*** Opening of Given information ***

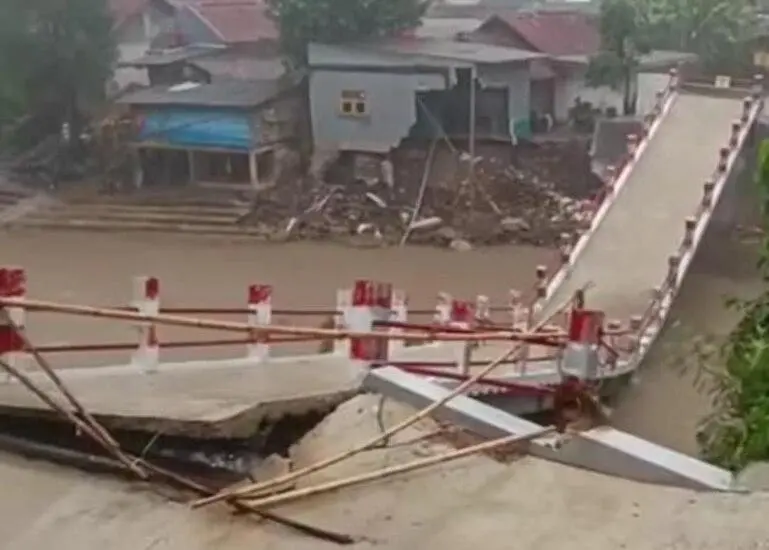 Jembatan Gobang di Rumpin Ambruk Diterjang Arus Sungai Citempuhan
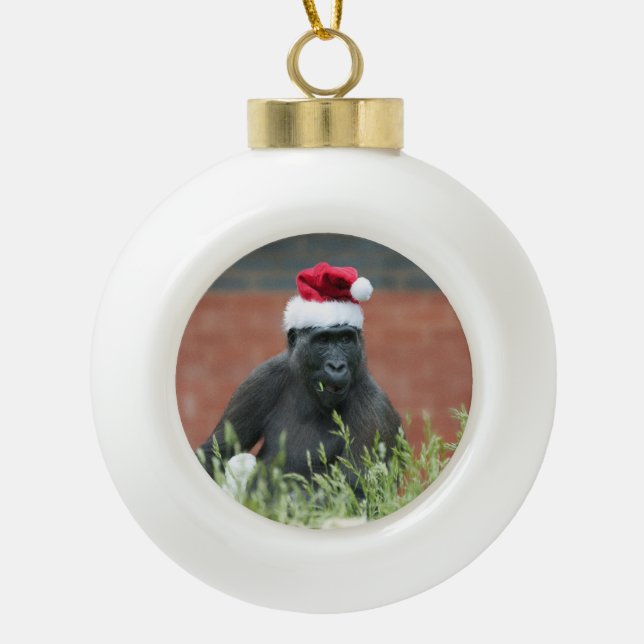 Gorilla zu Weihnachten Keramik Kugel-Ornament (Vorderseite)
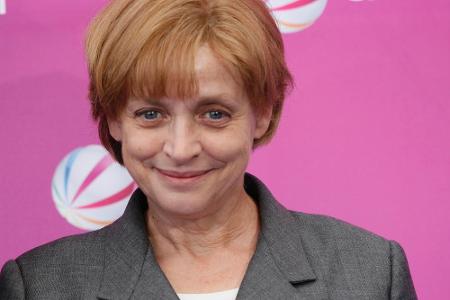 Schauspielerin Katharina Thalbach als Kanzlerin Angela Murkel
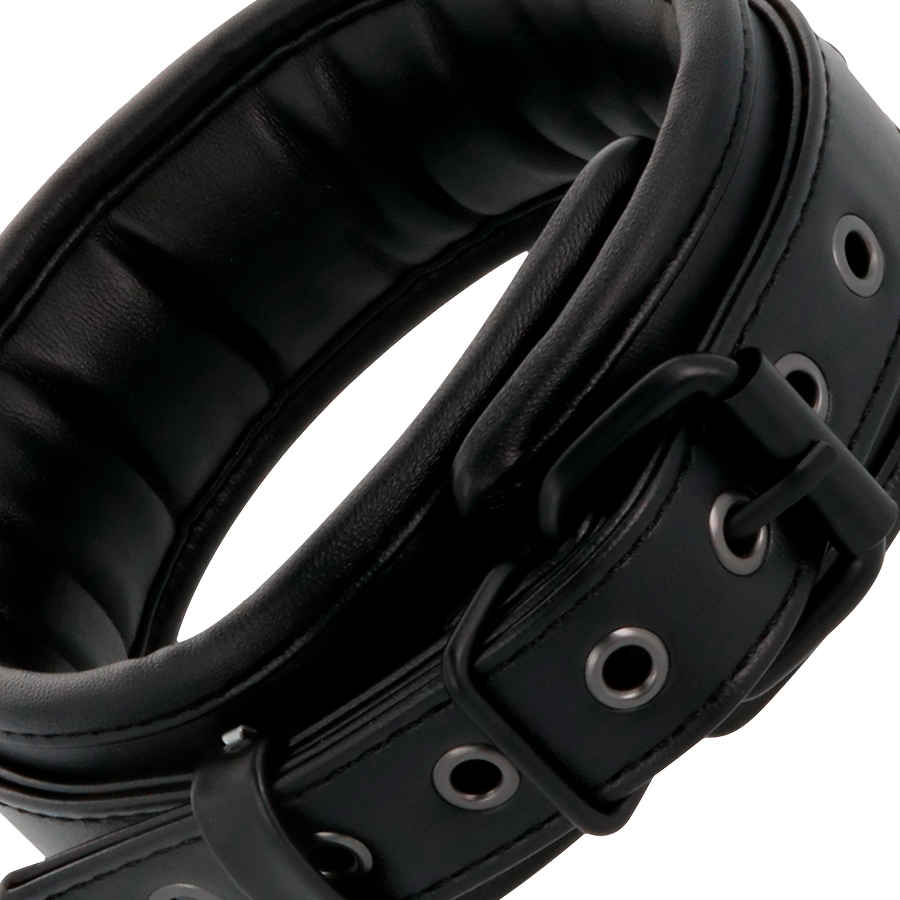 Darkness - collier noir avec chaîne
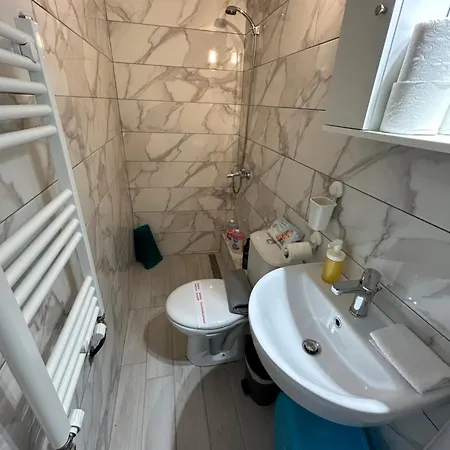 Calm Corner Delfon Apartman Szaloniki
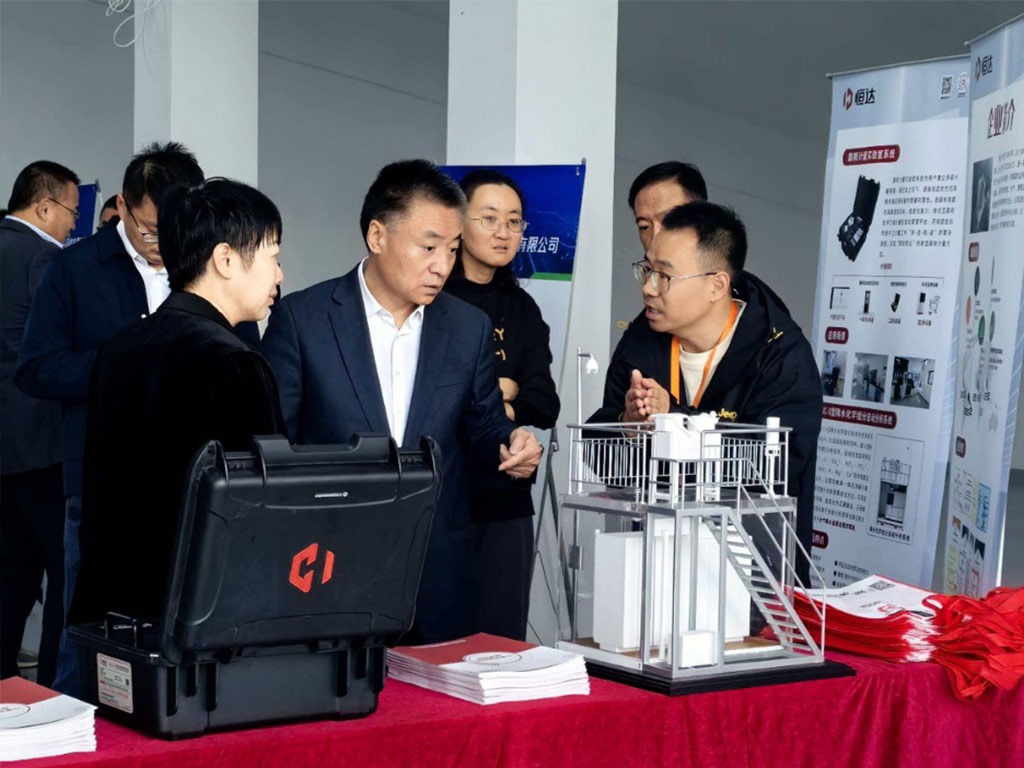 官網(wǎng)尺寸1.jpg 官網(wǎng)尺寸1.jpg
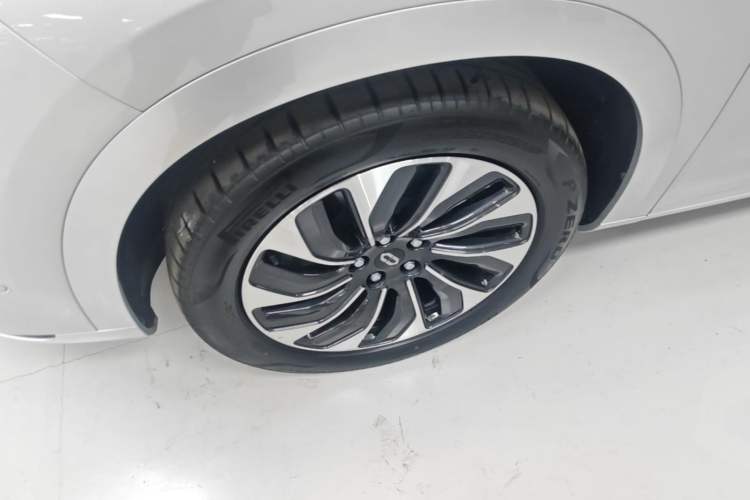 Used Hima AITO M7 2024 1.5T Rear-Drive Plus Version 5 Seats Left Front Wheel Hub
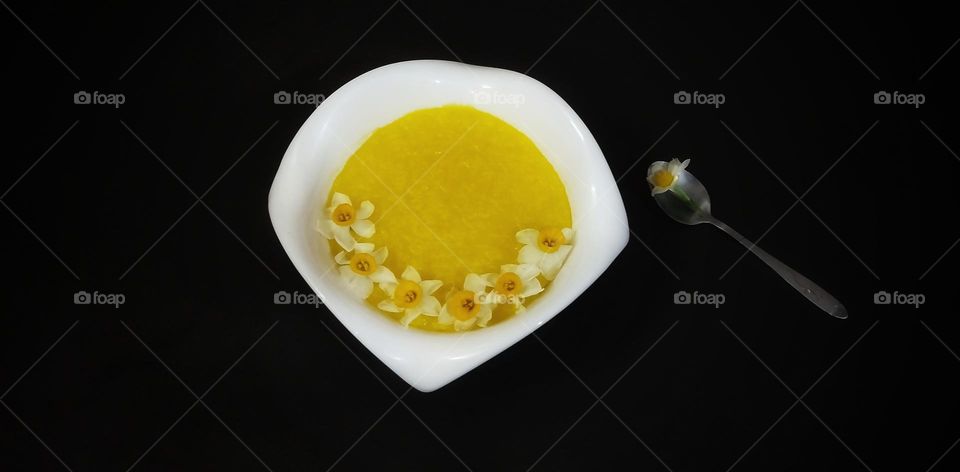 SHOLE ZARD(yellow rice pudding) strengthens the stomach, heart, relieves rheumatic pains and has antibiotic properties and eliminates body infection.It 's refreshing and very useful for depressed people.It prevents  heart and brain attacks.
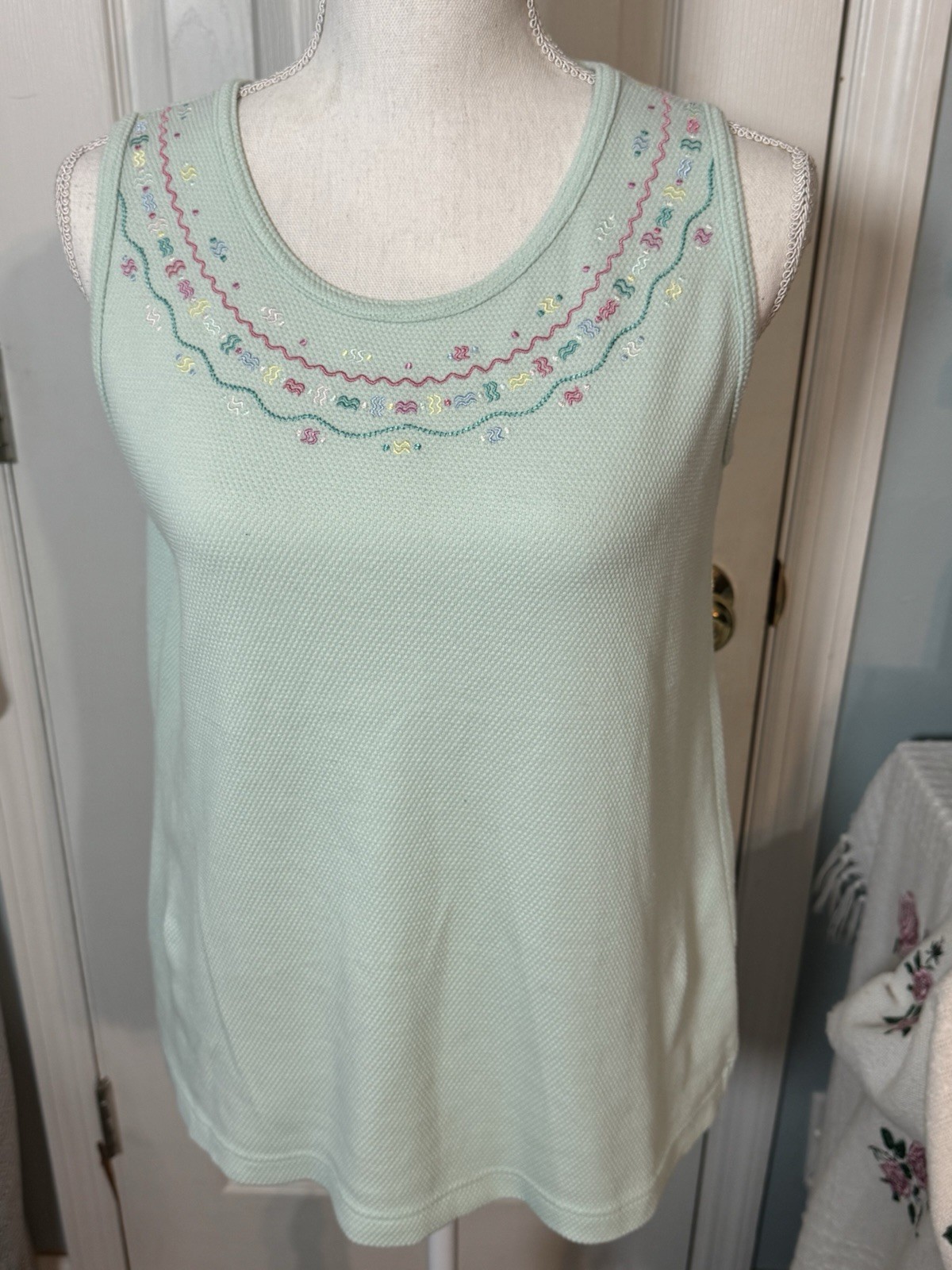 Koret Francisca Vintage Blue Sleveless Embroirdered Top Grandma Core Small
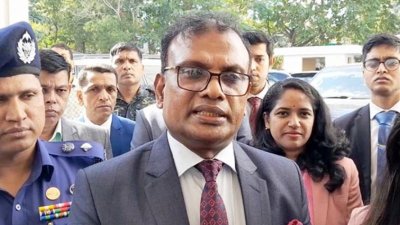 সভার আগে সাংবাদিকদের সঙ্গে কথা বলে ইসি আনিছুর রহমান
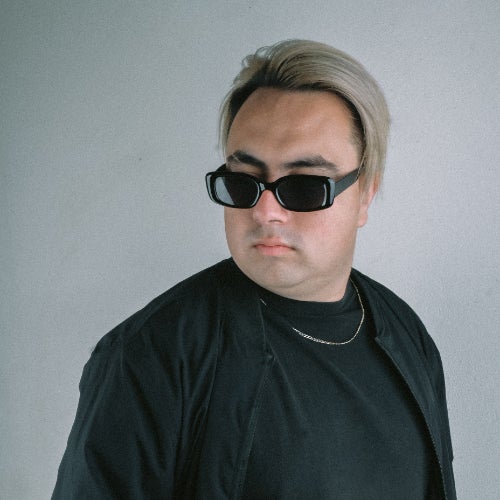 Sebastian Mora – Alive Chart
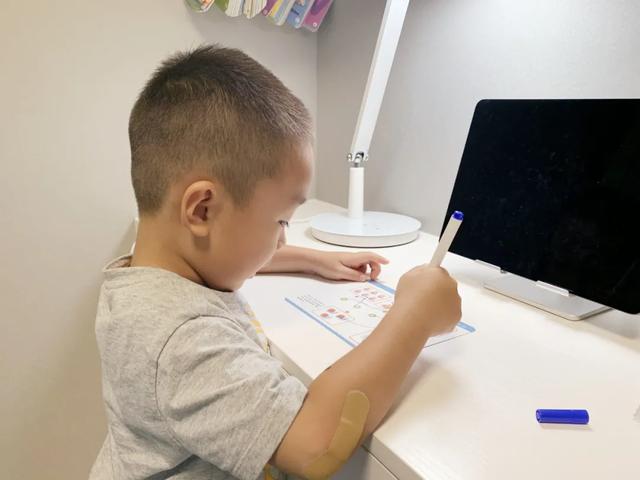 干货！幼儿园的娃要学写字吗？几岁握笔合适？园长的建议来了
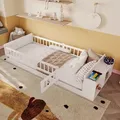 Kinderbett mit Lattenrost und Zaun (90x200 cm) Rausfallschutz, Stauraum, Einzelbett, Holzbett, Kiefer - Weiß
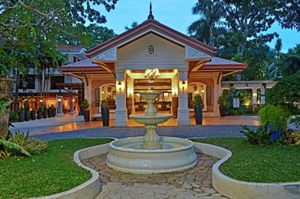 Costabella Tropical Beach Hotel Entrance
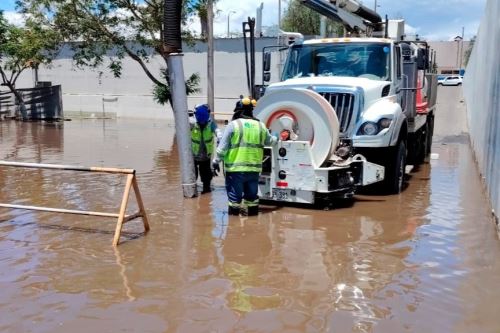 Campaña del Otass promueve acciones para disminuir el impacto de las lluvias en los sistemas de agua y alcantarillado. Foto: OTASS/Difusión.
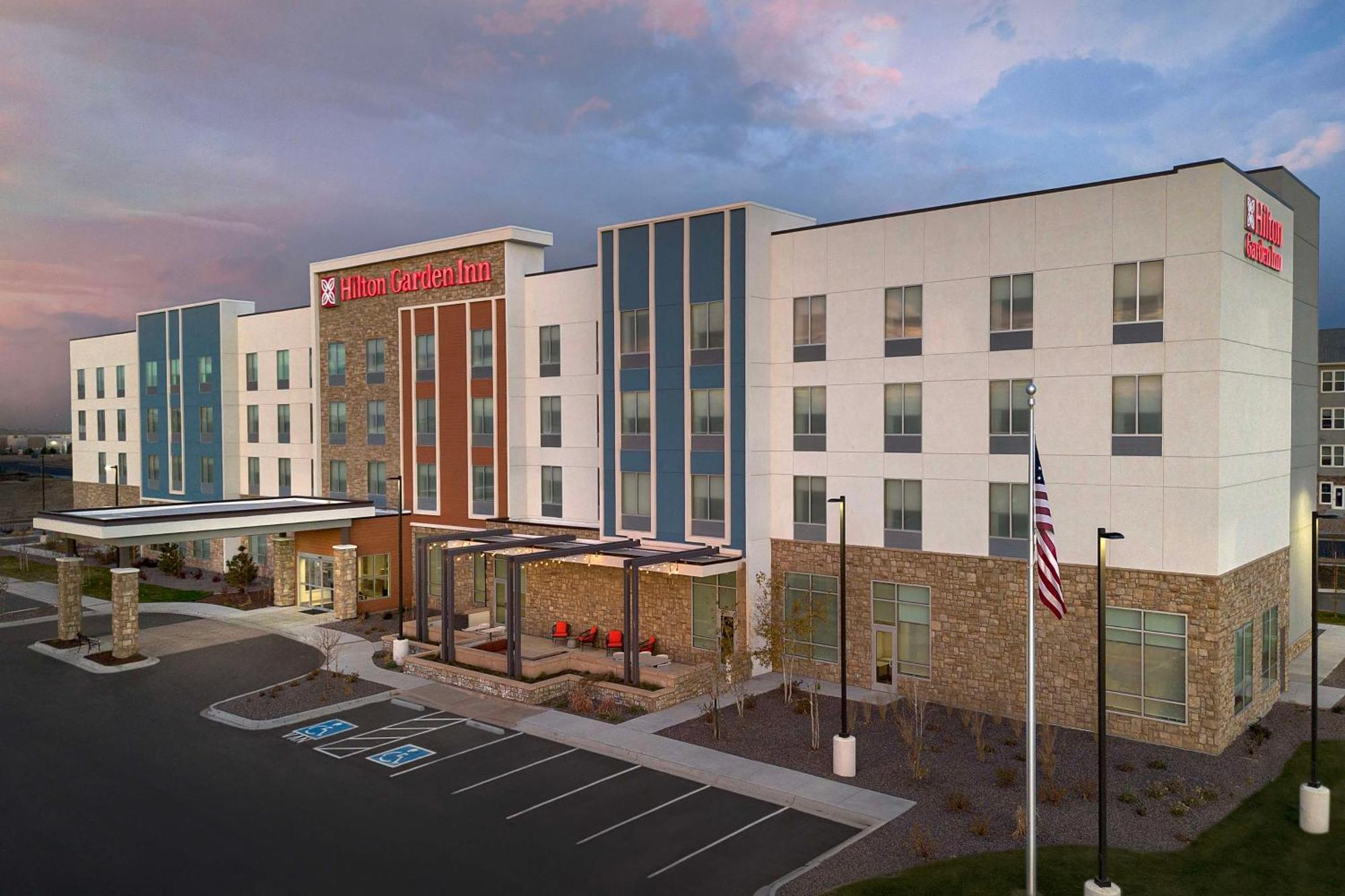 Hilton Garden Inn Denver Airport Tower Road Экстерьер фото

*** Close of Given information ***

== Work to complete ==
Go to the line above holding "Gorilla zu Weihnachten", then copy exactly each line down to and including the one holding "Used Hima AITO", leaving pictures out.

== Answer section ==
 Gorilla zu Weihnachten Keramik Kugel-Ornament (Vorderseite)
 Schauspielerin Katharina Thalbach als Kanzlerin Angela Murkel
 Darkness - collier noir avec chaîne
 Calm Corner Delfon Apartman Szaloniki
 官網(wǎng)尺寸1.jpg 官網(wǎng)尺寸1.jpg
 Used Hima AITO M7 2024 1.5T Rear-Drive Plus Version 5 Seats Left Front Wheel Hub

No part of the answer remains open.